- _Exercise_
Word for word, copy the data that follows and skip its pictures.

Dataset entries:

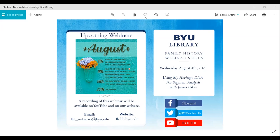Hello and welcome to the BYU Family History Library webinar series. We're glad you could join us today. I'm Anna Allred and I'll be your host for this webinar. If you have technical difficulties during the webinar, please use the chat box and I can address your concerns. You are welcome to use the chat box during the webinar for comments, insights, and questions. Overall questions will be addressed at the end of the presentation.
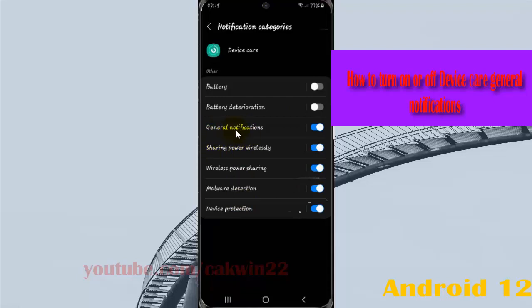On general notifications, tap the switch until blue to turn on device care general notifications, or tap the switch until grey to turn off.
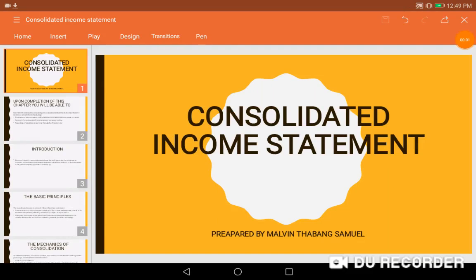Hello guys, welcome to another session of consolidation. Today we'll be looking at the income statement — the statement of comprehensive income. It's me again, Marvin.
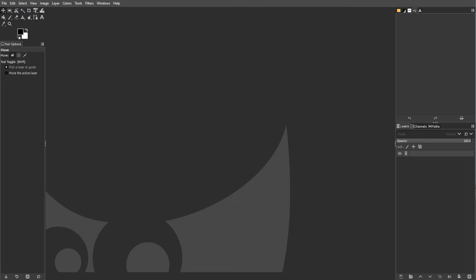So can GIMP open a PSD file? The simple answer is yes. GIMP can open PSD files created by Photoshop or other applications using the PSD format.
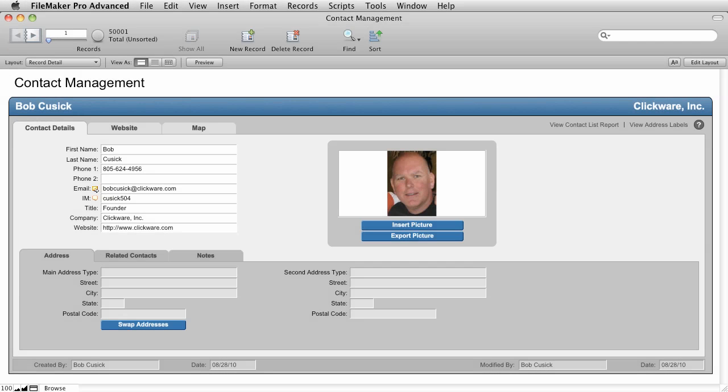Thank you for joining me for this video, Finding Data. For ClickWare, I'm Bob Cusick. Arguably, the thing that you're going to spend the most time doing in FileMaker is finding data. FileMaker makes it easy to find all kinds of data in many different ways.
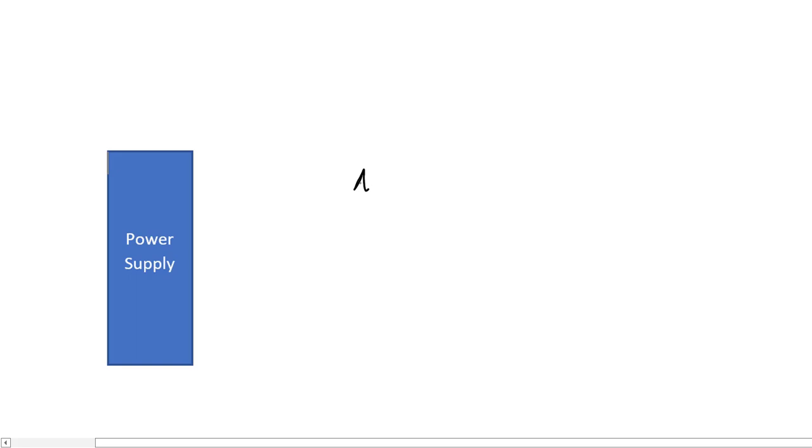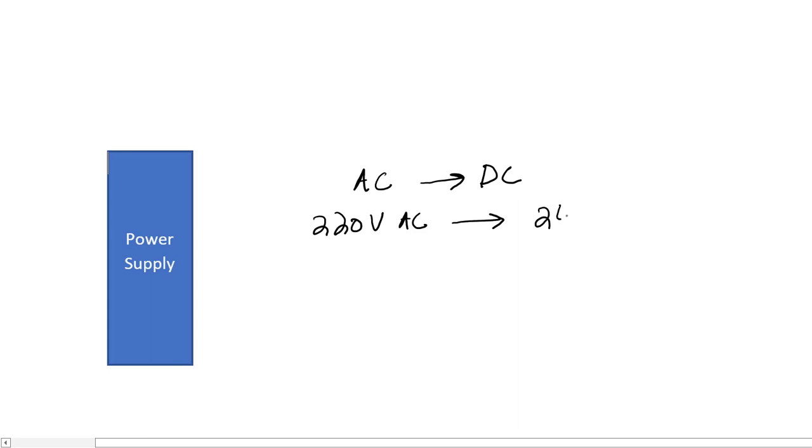First let's talk about the power supply module. The purpose of the power supply module in a PLC is to convert AC voltage to DC voltage. Normally a PLC CPU requires DC voltage for its operation. Normally we provide 220 volt AC voltage to a power supply, and the power supply converts that AC voltage to 24 volt DC, and this 24 volt DC is then supplied to the CPU.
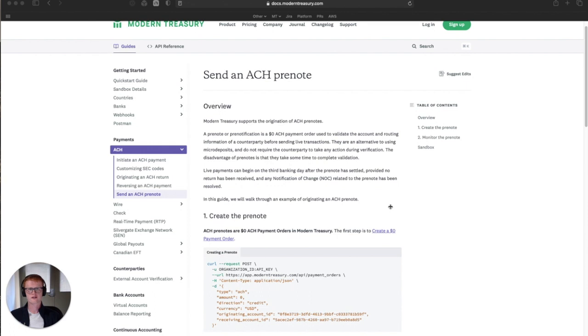They're an alternative to other verification methods such as micro deposits, and the nice thing is that they don't require any action on the side of the counterparty. The disadvantage is they take a few days to settle.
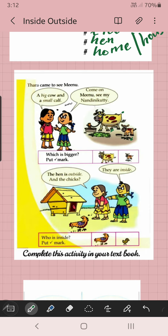Come on Minu, see my Nandini Kuti. Minu is saying: a big cow — this is a big cow, and this is a small calf. Baby of cow is called calf. So, big cow and a small calf. Next, which is bigger? Put a tick mark. This cow or calf — which is bigger? Of course, cow. So, you can put a tick mark.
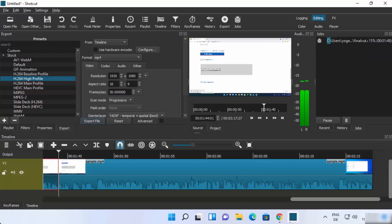So this is how you can install and use Shotcut on your Windows 11 operating system. I hope you enjoyed this video and I will see you in the next one.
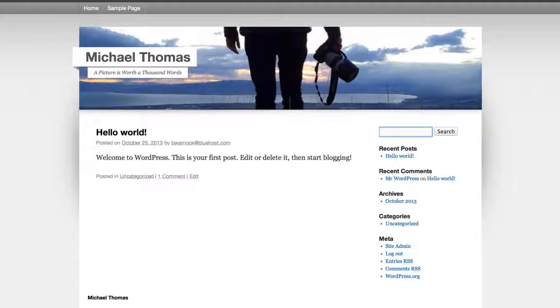There it is perfect! So now we've got a title with a tagline and a great-looking picture. Things are coming along. In our next video we'll start making pages and posts.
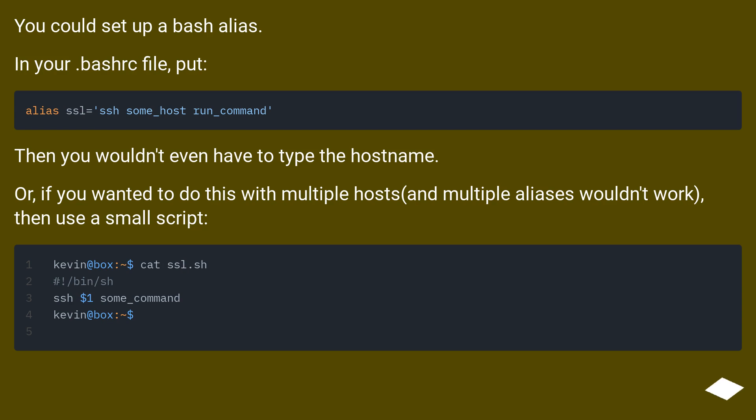Or, if you wanted to do this with multiple hosts and multiple aliases wouldn't work, then use a small script.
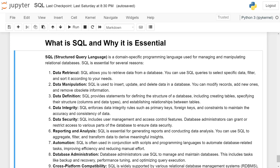Data integrity: SQL enforces data integrity rules such as primary keys, foreign keys, and constraints to maintain the accuracy and consistency of data. Data security:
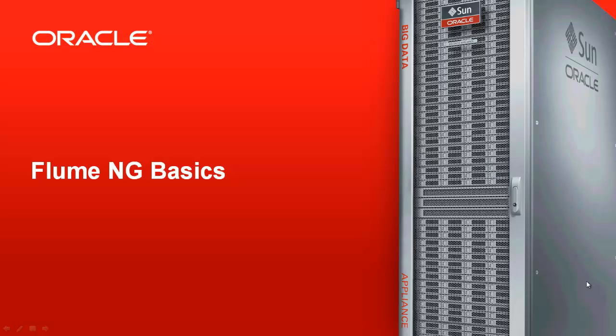Welcome to the first in a series of webcasts designed to help you learn some of the basics of designing Hadoop solutions. Today we're going to cover the basics of loading data streams into Hadoop using Flume.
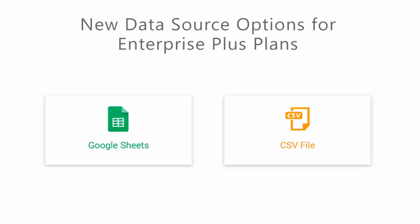Today, we're going to talk about some updates we made to our data source feature. Before, you had the ability to use any API that you had access to, but you can now also use Google Sheets or upload a CSV file to pull unique content for each one of your subscribers.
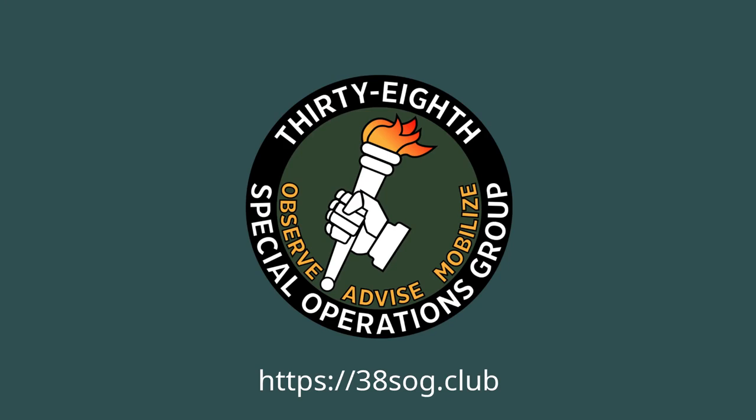This video is produced by members of the 38th Special Operations Group, a colonial group specializing in providing the right people with the right tools in the right place at the right time. Find out more at 38sog.club. As always, thanks for watching.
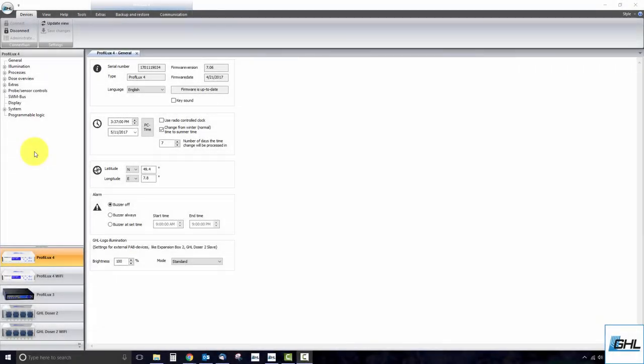Hey guys, today we're going to show you how to add a PAB device to your Profilux 4 and standalone doser 2.1.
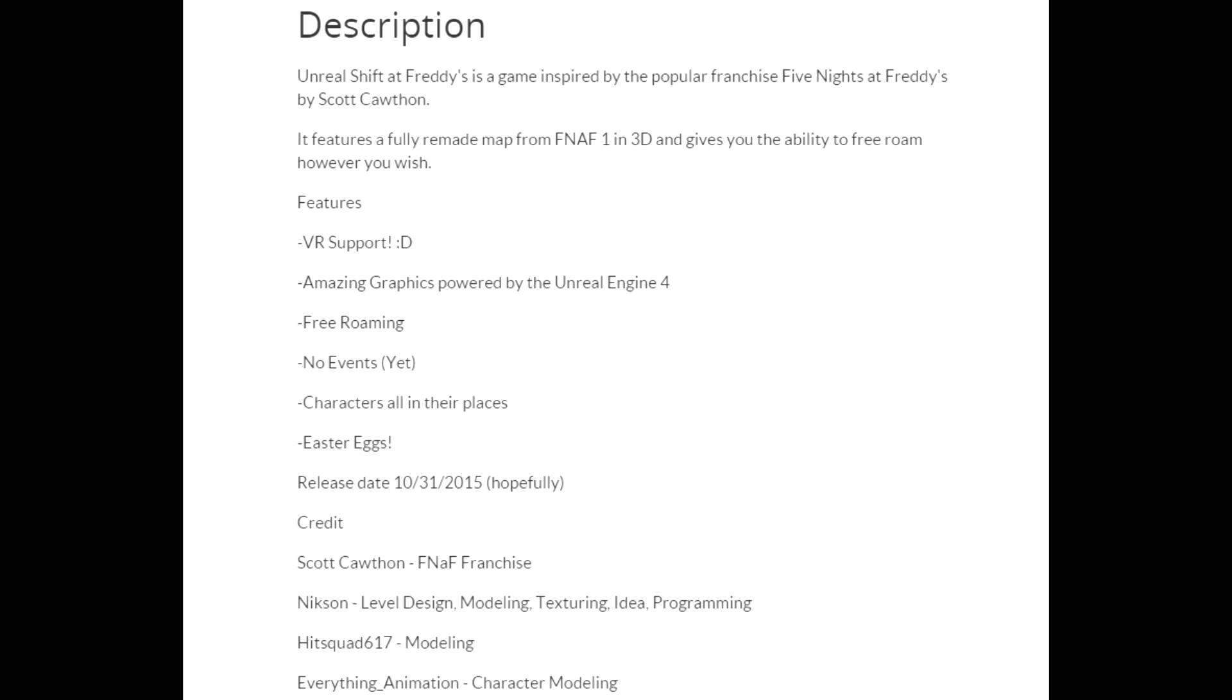The second thing is amazing graphics powered by the Unreal Engine 4. Well, that's not new. We knew about that from the very start. And now the most interesting part, free roaming.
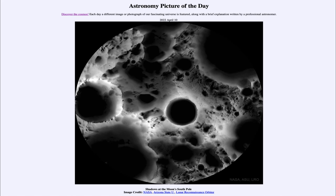So that was our picture of the day for April 10th of 2022, titled 'Shadows at the Moon's South Pole.' We'll be back again tomorrow for the next picture, previewed to be 'ISS Sunspot.' Until then, have a great day everyone, and I will see you in class.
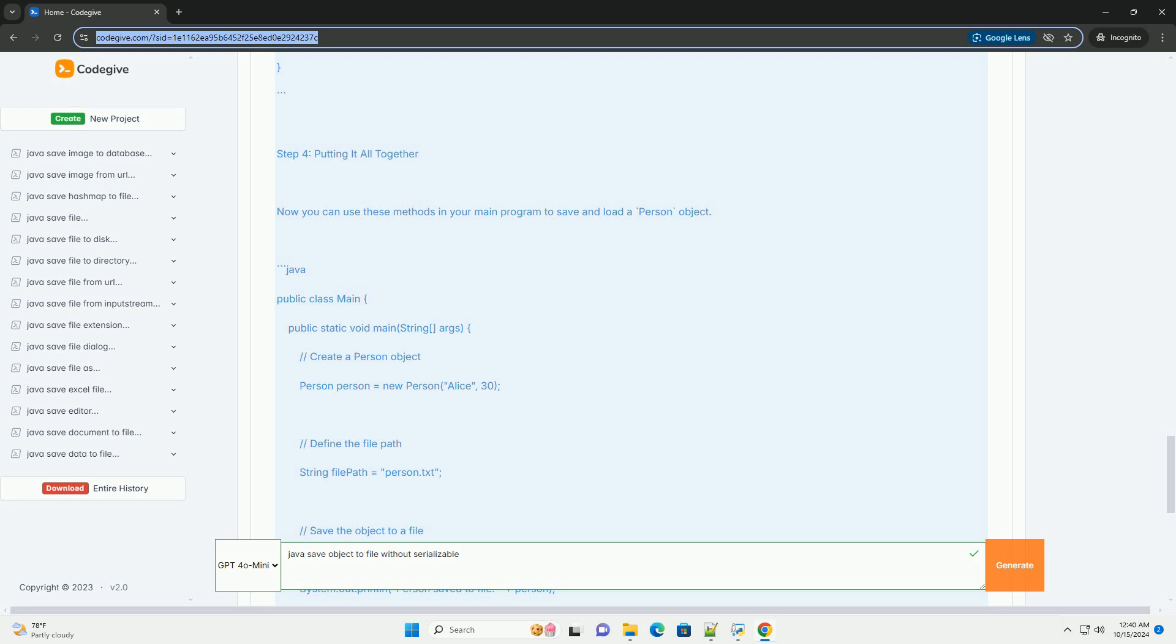Step 5: run the program. Compile and run your program. You should see output indicating that the person object has been saved to the file and then loaded back successfully.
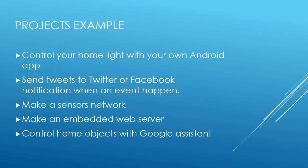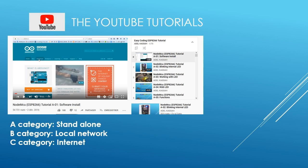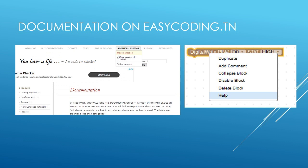The tool is also online and will always be free. You will find more than 70 videos divided into three categories. The A category is for standalone projects — you will learn how to connect basic components like LEDs, sensors, or motors, using the ESP8266 like an Arduino Uno board. The B category is for projects on a local network. The C category is for projects using connectivity to the internet.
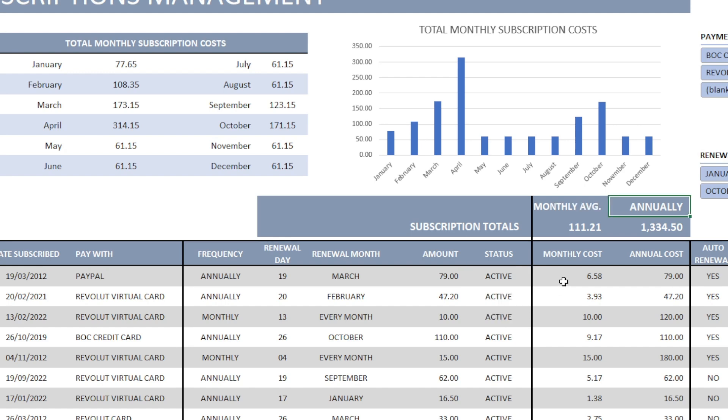Now, the next two columns are automatically calculated. The spreadsheet calculates the amounts.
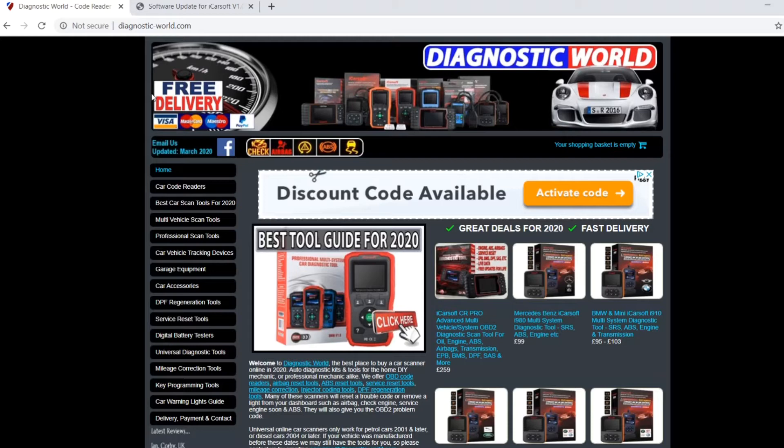We're looking at iCarsoft version 1.0 kits, so if it has a V1.0 kit at the bottom of the screen, then this video will be suitable.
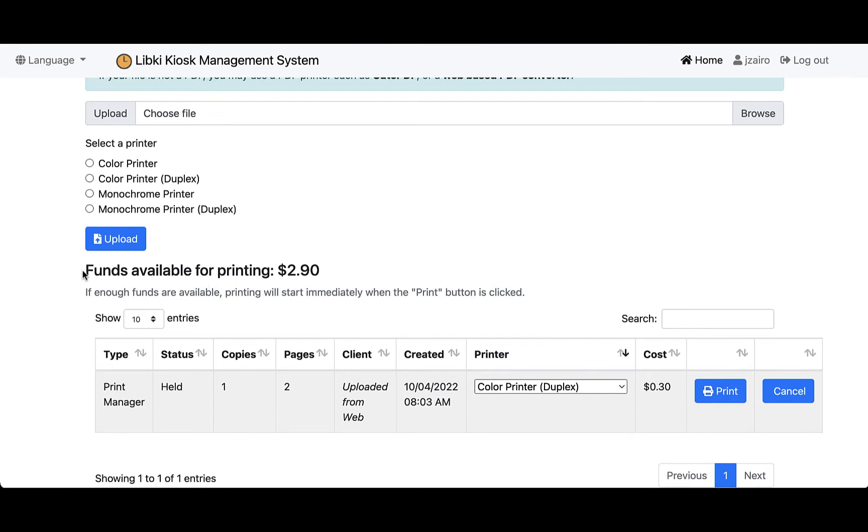Right here it's going to show me the funds that are available for printing—that's the amount of money that I have available on my account. We can see that $2.90.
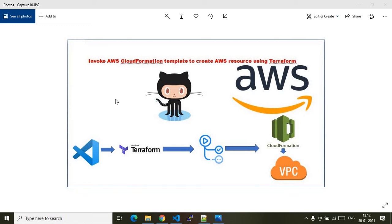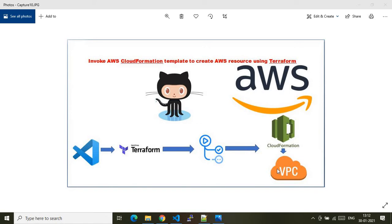In this video I'll show you how we can invoke an AWS CloudFormation template to create AWS resources using Terraform and deploy via GitHub Actions. In my screen I have a pictorial representation of this demo. Under the GitHub account I have a GitHub repo where we keep our Terraform files. We also have GitHub Actions which will invoke these Terraform files, and under the AWS account we'll have a CloudFormation stack which will provision a VPC service.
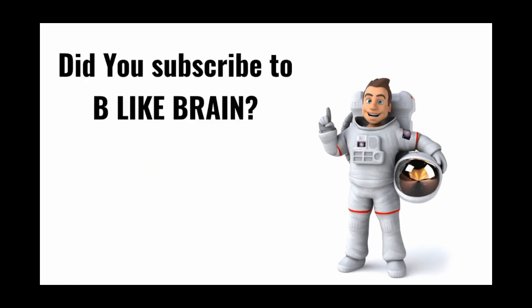And did you subscribe to Be Like Brain? Thank you so much, take care, and see you.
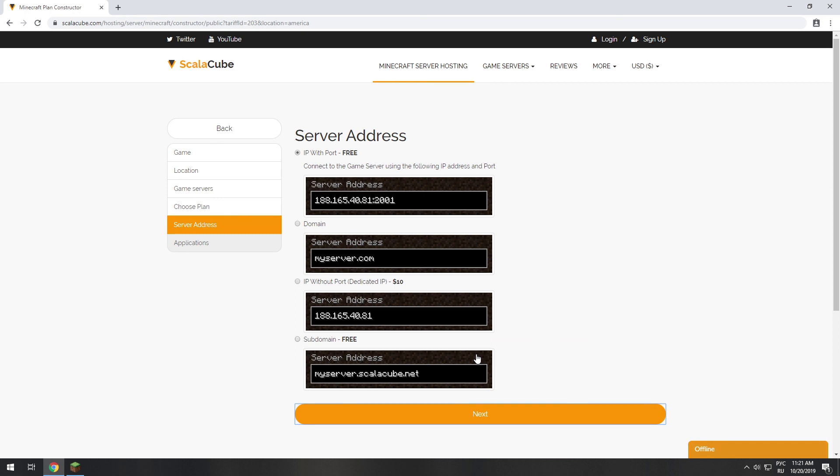On this page, you have to choose your server IP. We will select IP with port, however, you will be able to change it later at any time after purchasing.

- _Result below_
Hello and welcome to the BYU Family History Library webinar series. We're glad you could join us today. I'm Anna Allred and I'll be your host for this webinar. If you have technical difficulties during the webinar, please use the chat box and I can address your concerns. You are welcome to use the chat box during the webinar for comments, insights, and questions. Overall questions will be addressed at the end of the presentation.
On general notifications, tap the switch until blue to turn on device care general notifications, or tap the switch until grey to turn off.
Hello guys, welcome to another session of consolidation. Today we'll be looking at the income statement — the statement of comprehensive income. It's me again, Marvin.
So can GIMP open a PSD file? The simple answer is yes. GIMP can open PSD files created by Photoshop or other applications using the PSD format.
Thank you for joining me for this video, Finding Data. For ClickWare, I'm Bob Cusick. Arguably, the thing that you're going to spend the most time doing in FileMaker is finding data. FileMaker makes it easy to find all kinds of data in many different ways.
First let's talk about the power supply module. The purpose of the power supply module in a PLC is to convert AC voltage to DC voltage. Normally a PLC CPU requires DC voltage for its operation. Normally we provide 220 volt AC voltage to a power supply, and the power supply converts that AC voltage to 24 volt DC, and this 24 volt DC is then supplied to the CPU.
They're an alternative to other verification methods such as micro deposits, and the nice thing is that they don't require any action on the side of the counterparty. The disadvantage is they take a few days to settle.
Come on Minu, see my Nandini Kuti. Minu is saying: a big cow — this is a big cow, and this is a small calf. Baby of cow is called calf. So, big cow and a small calf. Next, which is bigger? Put a tick mark. This cow or calf — which is bigger? Of course, cow. So, you can put a tick mark.
So this is how you can install and use Shotcut on your Windows 11 operating system. I hope you enjoyed this video and I will see you in the next one.
There it is perfect! So now we've got a title with a tagline and a great-looking picture. Things are coming along. In our next video we'll start making pages and posts.
Or, if you wanted to do this with multiple hosts and multiple aliases wouldn't work, then use a small script.
Data integrity: SQL enforces data integrity rules such as primary keys, foreign keys, and constraints to maintain the accuracy and consistency of data. Data security:
Welcome to the first in a series of webcasts designed to help you learn some of the basics of designing Hadoop solutions. Today we're going to cover the basics of loading data streams into Hadoop using Flume.
Today, we're going to talk about some updates we made to our data source feature. Before, you had the ability to use any API that you had access to, but you can now also use Google Sheets or upload a CSV file to pull unique content for each one of your subscribers.
This video is produced by members of the 38th Special Operations Group, a colonial group specializing in providing the right people with the right tools in the right place at the right time. Find out more at 38sog.club. As always, thanks for watching.
Hey guys, today we're going to show you how to add a PAB device to your Profilux 4 and standalone doser 2.1.
The second thing is amazing graphics powered by the Unreal Engine 4. Well, that's not new. We knew about that from the very start. And now the most interesting part, free roaming.
So that was our picture of the day for April 10th of 2022, titled 'Shadows at the Moon's South Pole.' We'll be back again tomorrow for the next picture, previewed to be 'ISS Sunspot.' Until then, have a great day everyone, and I will see you in class.
Step 5: run the program. Compile and run your program. You should see output indicating that the person object has been saved to the file and then loaded back successfully.
The tool is also online and will always be free. You will find more than 70 videos divided into three categories. The A category is for standalone projects — you will learn how to connect basic components like LEDs, sensors, or motors, using the ESP8266 like an Arduino Uno board. The B category is for projects on a local network. The C category is for projects using connectivity to the internet.
Now, the next two columns are automatically calculated. The spreadsheet calculates the amounts.
We're looking at iCarsoft version 1.0 kits, so if it has a V1.0 kit at the bottom of the screen, then this video will be suitable.
Right here it's going to show me the funds that are available for printing—that's the amount of money that I have available on my account. We can see that $2.90.
In this video I'll show you how we can invoke an AWS CloudFormation template to create AWS resources using Terraform and deploy via GitHub Actions. In my screen I have a pictorial representation of this demo. Under the GitHub account I have a GitHub repo where we keep our Terraform files. We also have GitHub Actions which will invoke these Terraform files, and under the AWS account we'll have a CloudFormation stack which will provision a VPC service.
And did you subscribe to Be Like Brain? Thank you so much, take care, and see you.
On this page, you have to choose your server IP. We will select IP with port, however, you will be able to change it later at any time after purchasing.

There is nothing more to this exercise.